• _WORK TASK_
Transcribe the tail of the listing: start at the line containing "PİLSAN 6 Volt" and stop after the last line, keeping every character as is and adding nothing.

• _ENTRIES PROVIDED_
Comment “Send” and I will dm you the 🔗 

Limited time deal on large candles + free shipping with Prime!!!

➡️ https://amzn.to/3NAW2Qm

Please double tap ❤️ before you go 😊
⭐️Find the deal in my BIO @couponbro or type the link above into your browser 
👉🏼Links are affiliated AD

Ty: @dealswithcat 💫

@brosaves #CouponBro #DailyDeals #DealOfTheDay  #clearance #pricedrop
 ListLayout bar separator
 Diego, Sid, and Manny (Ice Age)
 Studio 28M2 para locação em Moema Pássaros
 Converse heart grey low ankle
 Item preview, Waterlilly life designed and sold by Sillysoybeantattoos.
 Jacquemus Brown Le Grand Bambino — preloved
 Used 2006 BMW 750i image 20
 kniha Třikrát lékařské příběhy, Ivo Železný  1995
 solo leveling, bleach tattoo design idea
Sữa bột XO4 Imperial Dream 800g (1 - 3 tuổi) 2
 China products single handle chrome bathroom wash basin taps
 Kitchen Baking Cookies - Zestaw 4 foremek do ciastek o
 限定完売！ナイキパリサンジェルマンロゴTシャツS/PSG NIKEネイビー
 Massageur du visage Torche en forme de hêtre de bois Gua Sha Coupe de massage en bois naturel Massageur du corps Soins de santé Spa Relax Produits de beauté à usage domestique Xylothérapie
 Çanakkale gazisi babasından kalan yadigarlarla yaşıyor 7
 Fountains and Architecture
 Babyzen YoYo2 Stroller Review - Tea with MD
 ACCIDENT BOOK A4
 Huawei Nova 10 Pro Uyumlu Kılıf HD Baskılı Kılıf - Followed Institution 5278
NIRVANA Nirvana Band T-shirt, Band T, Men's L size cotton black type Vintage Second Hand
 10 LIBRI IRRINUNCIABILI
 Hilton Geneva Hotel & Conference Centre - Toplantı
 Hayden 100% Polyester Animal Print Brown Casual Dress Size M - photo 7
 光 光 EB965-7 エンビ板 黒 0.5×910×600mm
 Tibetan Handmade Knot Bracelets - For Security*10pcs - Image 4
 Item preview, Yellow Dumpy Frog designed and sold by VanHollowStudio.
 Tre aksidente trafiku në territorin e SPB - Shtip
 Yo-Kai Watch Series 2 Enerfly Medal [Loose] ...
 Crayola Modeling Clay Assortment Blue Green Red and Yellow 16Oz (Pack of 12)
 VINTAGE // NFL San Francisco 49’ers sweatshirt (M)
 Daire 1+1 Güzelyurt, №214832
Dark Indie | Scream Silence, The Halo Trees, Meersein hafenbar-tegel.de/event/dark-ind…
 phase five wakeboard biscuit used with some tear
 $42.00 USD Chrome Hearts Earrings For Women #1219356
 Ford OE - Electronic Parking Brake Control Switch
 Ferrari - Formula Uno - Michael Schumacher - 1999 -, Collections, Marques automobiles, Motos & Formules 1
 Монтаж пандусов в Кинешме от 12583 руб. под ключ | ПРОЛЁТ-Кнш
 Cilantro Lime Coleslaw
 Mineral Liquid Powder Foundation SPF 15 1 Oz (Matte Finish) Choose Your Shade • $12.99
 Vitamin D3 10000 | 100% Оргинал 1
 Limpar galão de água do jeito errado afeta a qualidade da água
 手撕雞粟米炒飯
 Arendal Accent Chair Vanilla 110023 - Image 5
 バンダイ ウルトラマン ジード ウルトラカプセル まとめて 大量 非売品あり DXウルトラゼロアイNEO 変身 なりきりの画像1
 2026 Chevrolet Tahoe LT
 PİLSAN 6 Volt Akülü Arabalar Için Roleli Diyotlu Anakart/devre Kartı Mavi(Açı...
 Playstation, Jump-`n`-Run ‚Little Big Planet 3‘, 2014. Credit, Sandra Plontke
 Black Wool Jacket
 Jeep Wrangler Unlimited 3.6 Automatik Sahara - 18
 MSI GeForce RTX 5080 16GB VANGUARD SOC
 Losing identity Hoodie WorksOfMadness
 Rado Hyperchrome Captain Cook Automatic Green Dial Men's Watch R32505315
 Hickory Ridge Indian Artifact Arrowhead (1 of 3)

• _RESULT FOR THIS TASK_
 PİLSAN 6 Volt Akülü Arabalar Için Roleli Diyotlu Anakart/devre Kartı Mavi(Açı...
 Playstation, Jump-`n`-Run ‚Little Big Planet 3‘, 2014. Credit, Sandra Plontke
 Black Wool Jacket
 Jeep Wrangler Unlimited 3.6 Automatik Sahara - 18
 MSI GeForce RTX 5080 16GB VANGUARD SOC
 Losing identity Hoodie WorksOfMadness
 Rado Hyperchrome Captain Cook Automatic Green Dial Men's Watch R32505315
 Hickory Ridge Indian Artifact Arrowhead (1 of 3)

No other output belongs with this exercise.